Turkey alleges Muslim cleric was behind coup bid
Turkey’s allegations that Muslim cleric Fethullah Gulen was behind the country’s recent coup attempt has exacerbated the ill will between him and the nation’s president, who were once considered close allies.
President Recep Tayyip Erdogan blamed the coup attempt on supporters of his US-based foe, Gulen, whose Hizmet movement has an influential presence in the Turkish media, police and judiciary.
Gulen issued a statement condemning in “the strongest terms” the attempted coup and categorically denying accusations that he was behind it.
“Government should be won through a process of free and fair elections, not force,” he said. “I pray to God for Turkey, for Turkish citizens, and for all those currently in Turkey that this situation is resolved peacefully and quickly.”
“As someone who suffered under multiple military coups during the past five decades,” Gulen said, “it is especially insulting to be accused of having any link to such an attempt.”
Outsiders faulted
Faced with anti-government protests and corruption investigations, Erdogan has blamed his problems in part on Gulen’s followers and foreign powers. The Turkish president has frequently accused his former ally, who lives in exile in the US state of Pennsylvania, of trying to overthrow the government.
But in his own messages, Gulen has said Erdogan suffered from “decayed thinking” and denied the president’s accusations. Washington has never found any compelling evidence in Erdogan’s previous claims.
Speaking to reporters in Luxembourg on Saturday, US secretary of state John Kerry said that the US would entertain an extradition request for Gulen, but only if Turkey presented legitimate evidence of wrongdoing. “We fully anticipate that there will be questions raised about Mr.
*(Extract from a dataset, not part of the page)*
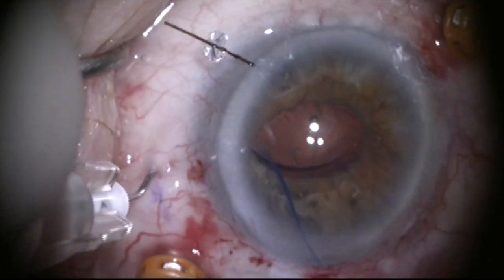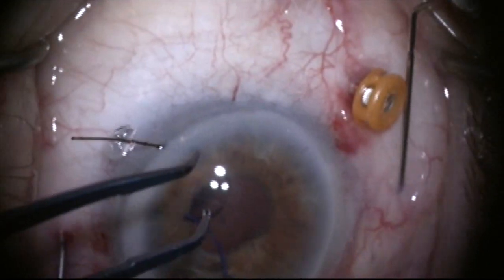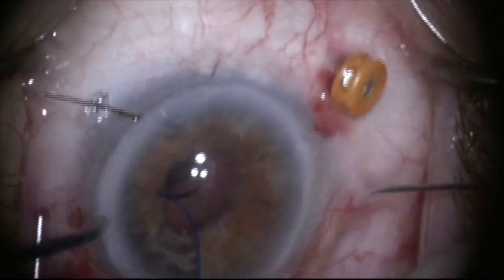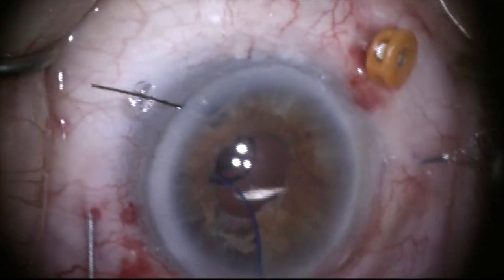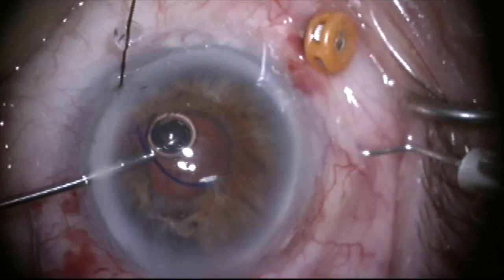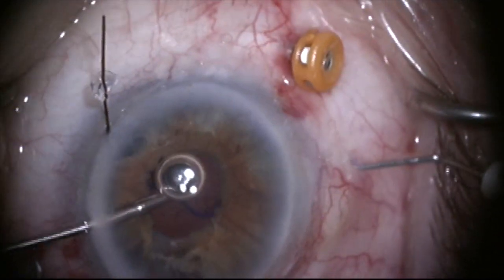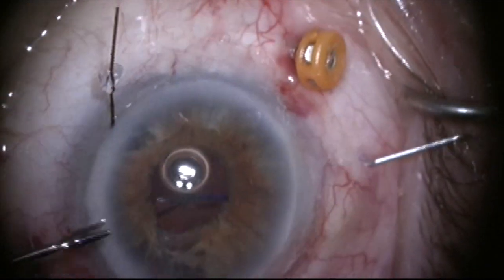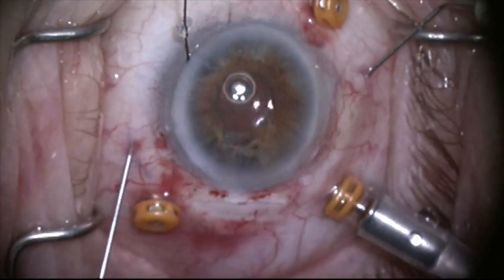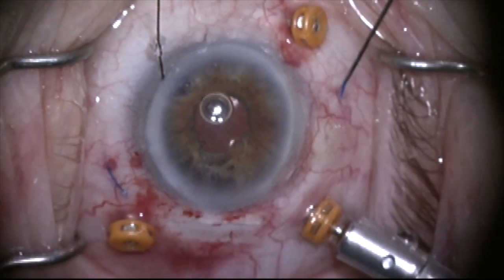I'm now going to do the haptic on the other side. With the 30-gauge needle going parallel to the limbus, angled maybe one or two degrees posterior, I grab the other haptic and tuck it into the 30-gauge needle. Now both haptics will be withdrawn at the same time. I've moved my infusion line to a different trocar so I have more room to work.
Gulen,” Kerry said.
As an imam in Turkey, Gulen encouraged his followers to become educated, and the movement spread beyond Turkish borders, with hundreds of schools and charities established in other countries.
Since the preacher’s run-in with Turkey’s secular leadership in the 1990s, one of the key aims of his movement’s international activities abroad has been to leverage its international clout back in Turkey.
His philosophy
The ailing 75-year-old Muslim cleric is known for promoting a philosophy that blends a mystical form of Islam with strong advocacy of democracy, education, science and interfaith dialogue.
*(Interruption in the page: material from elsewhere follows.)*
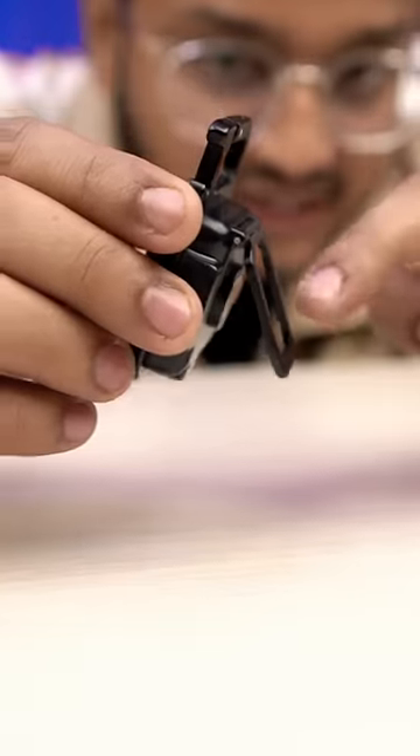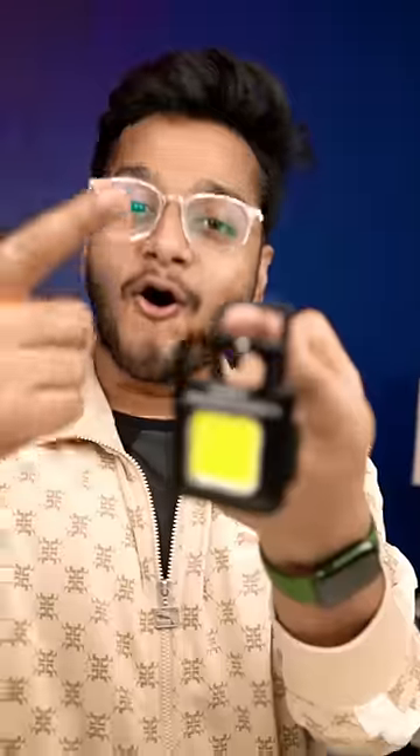With the normal touch, it's more powerful. And with these stands, you can try different positions. And it will be charged with the Type-C port.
In an interview with the Voice of America in 2014, Alp Aslandogan, a Turkish-American businessman, Gulen’s main spokesman, compared the preacher to US civil rights leader Martin Luther King Jr.
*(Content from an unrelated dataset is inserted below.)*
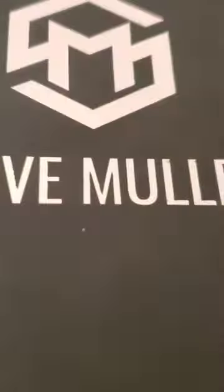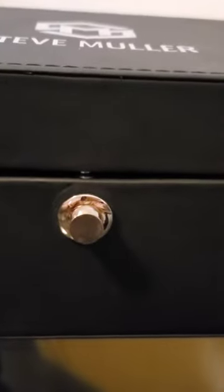Hey guys, I received my Steve Muller package. Before we check out the inside, let's check out the box — super cute, super clean, elegant looking. Inside is my watch and I'm super excited. Make sure you go to stevmuller.com to purchase one.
“The civil rights movement advocated equal rights for all citizens,” said Aslandogan. Similarly, in Turkey, Gulen advocated for equality and equal opportunity for all citizens – observant Muslims and others who historically had been discriminated against.
“The civil rights movement abstained from violence. Similarly, Gulen throughout his life always criticized and rejected violence,” Aslandogan said. After the September 11 2001, terrorist attacks in the United States, he said, Gulen called Osama bin Laden “a monster.”
Gulen’s messages of peace and tolerance have won him praise from luminaries in the United States. Former secretaries of state Madeleine Albright and James Baker and former president Bill Clinton have all spoken at Gulen foundation events.
His movement, Hizmet, or “service” in Turkish, includes think tanks, schools and various media enterprises.
Investigations in US
However, the movement has been under increasing scrutiny in the US for its links to a group of about 145 charter schools. Hizmet-linked schools in Texas have been accused of visa fraud and misuse of taxpayer money, and the FBI has investigated allegations of sexual misconduct at a charter school in New Orleans. Both the schools and the Hizmet movement deny that they have a relationship, but Gulen supporters are believed to hold positions in the schools.
In 1999, Gulen, who had conflicts with the military-backed secular government in Ankara, left the country and took refuge in what was then a camp for Turkish-American children in Pennsylvania. He was granted permanent-resident status in 2008.